A multi-turn test case is a blueprint provided by deepeval to unit test a series of LLM interactions. A multi-turn test case in deepeval is represented by a ConversationalTestCase, and has SIX parameters:

  • turns
  • [Optional] scenario
  • [Optional] expected_outcome
  • [Optional] user_description
  • [Optional] context
  • [Optional] chatbot_role
note

deepeval makes the assumption that a multi-turn use case are mainly conversational chatbots. Agents on the other hand, should be evaluated via component-level evaluation instead, where each component in your agentic workflow is assessed individually.

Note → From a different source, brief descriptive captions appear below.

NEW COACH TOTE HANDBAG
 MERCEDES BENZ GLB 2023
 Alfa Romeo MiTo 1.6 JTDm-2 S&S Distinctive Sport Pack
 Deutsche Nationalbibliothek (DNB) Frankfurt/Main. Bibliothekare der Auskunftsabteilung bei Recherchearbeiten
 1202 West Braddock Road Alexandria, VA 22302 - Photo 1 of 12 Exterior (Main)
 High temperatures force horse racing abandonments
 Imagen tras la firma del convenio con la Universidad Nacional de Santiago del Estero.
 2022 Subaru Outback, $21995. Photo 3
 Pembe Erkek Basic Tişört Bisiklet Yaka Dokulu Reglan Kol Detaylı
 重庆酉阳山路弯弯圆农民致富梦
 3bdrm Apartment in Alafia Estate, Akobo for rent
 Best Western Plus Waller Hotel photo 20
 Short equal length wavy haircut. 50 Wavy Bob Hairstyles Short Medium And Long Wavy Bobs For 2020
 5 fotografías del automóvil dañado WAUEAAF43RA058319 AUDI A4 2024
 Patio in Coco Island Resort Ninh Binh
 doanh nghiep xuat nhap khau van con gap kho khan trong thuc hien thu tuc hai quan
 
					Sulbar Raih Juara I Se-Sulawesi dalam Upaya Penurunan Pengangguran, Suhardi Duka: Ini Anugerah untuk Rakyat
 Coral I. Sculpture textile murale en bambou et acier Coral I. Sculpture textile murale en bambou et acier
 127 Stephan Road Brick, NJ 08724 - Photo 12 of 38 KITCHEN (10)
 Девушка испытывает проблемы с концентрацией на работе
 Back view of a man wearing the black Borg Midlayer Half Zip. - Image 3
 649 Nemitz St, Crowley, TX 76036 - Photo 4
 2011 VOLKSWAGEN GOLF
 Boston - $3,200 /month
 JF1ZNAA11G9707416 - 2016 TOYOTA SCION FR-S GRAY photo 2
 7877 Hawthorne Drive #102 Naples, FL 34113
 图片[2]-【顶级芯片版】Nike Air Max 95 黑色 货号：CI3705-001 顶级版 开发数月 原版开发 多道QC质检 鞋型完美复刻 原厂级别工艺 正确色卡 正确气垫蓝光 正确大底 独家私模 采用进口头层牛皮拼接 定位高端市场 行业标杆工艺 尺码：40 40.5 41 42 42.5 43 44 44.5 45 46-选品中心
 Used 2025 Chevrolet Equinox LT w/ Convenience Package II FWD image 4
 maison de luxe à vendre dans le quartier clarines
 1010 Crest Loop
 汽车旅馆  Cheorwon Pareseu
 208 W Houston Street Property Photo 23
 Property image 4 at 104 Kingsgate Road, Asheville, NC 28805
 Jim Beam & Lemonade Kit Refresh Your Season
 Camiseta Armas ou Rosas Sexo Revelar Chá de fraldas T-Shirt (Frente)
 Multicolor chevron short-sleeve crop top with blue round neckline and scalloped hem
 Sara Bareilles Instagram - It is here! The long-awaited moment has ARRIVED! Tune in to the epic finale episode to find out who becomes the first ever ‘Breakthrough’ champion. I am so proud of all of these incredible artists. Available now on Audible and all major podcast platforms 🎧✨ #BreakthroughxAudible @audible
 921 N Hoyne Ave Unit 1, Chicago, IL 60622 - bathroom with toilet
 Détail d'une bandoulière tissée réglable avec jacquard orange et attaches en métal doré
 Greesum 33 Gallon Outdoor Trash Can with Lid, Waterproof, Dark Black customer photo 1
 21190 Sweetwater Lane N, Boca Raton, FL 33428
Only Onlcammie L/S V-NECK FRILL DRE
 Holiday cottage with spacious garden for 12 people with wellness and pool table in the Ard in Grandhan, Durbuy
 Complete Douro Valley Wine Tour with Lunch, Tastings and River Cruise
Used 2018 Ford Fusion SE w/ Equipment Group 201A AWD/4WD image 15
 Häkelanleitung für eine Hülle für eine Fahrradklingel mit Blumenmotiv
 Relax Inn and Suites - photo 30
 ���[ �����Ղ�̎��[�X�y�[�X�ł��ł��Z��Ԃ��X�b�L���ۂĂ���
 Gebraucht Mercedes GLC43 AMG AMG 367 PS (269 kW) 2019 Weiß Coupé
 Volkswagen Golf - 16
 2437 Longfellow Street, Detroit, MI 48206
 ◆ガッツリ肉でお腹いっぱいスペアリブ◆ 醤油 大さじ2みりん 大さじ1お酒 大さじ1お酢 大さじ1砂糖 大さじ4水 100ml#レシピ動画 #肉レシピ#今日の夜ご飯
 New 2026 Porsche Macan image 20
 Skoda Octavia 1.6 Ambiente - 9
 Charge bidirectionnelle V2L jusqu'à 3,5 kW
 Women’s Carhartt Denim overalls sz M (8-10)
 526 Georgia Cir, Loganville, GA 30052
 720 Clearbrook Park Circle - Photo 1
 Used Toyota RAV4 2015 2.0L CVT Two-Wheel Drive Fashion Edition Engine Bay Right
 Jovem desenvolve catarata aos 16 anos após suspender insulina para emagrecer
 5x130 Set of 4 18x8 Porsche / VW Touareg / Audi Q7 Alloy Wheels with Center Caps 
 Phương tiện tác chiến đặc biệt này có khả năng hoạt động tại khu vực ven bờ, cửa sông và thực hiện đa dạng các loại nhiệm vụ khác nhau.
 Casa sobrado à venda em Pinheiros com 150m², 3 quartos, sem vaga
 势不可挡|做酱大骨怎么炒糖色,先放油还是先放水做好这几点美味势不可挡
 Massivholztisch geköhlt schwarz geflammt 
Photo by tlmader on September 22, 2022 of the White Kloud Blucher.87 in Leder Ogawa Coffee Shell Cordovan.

Here's an example implementation of a ConversationalTestCase:

from deepeval.test_case import ConversationalTestCase, Turn

test_case = ConversationalTestCase(
scenario="User chit-chatting randomly with AI.",
expected_outcome="AI should respond in friendly manner.",
turns=[
Turn(role="user", content="How are you doing?"),
Turn(role="assistant", content="Why do you care?")
]
)

Multi-Turn LLM Interaction

Different from a single-turn LLM interaction, a multi-turn LLM interaction encapsulates exchanges between a user and a conversational agent/chatbot, which is represented by a ConversationalTestCase in deepeval.

Conversational Test Case

The turns parameter in a conversational test case is vital to specifying the roles and content of a conversation (in OpenAI API format), and allows you to supply any optional tools_called and retrieval_context. Additional optional parameters such as scenario and expected outcome is best suited for users converting ConversationalGoldens to test cases at evaluation time.

Conversational Test Case

While a single-turn test case represents an individual LLM system interaction, a ConversationalTestCase encapsulates a series of Turns that make up an LLM-based conversation. This is particular useful if you're looking to for example evaluate a conversation between a user and an LLM-based chatbot.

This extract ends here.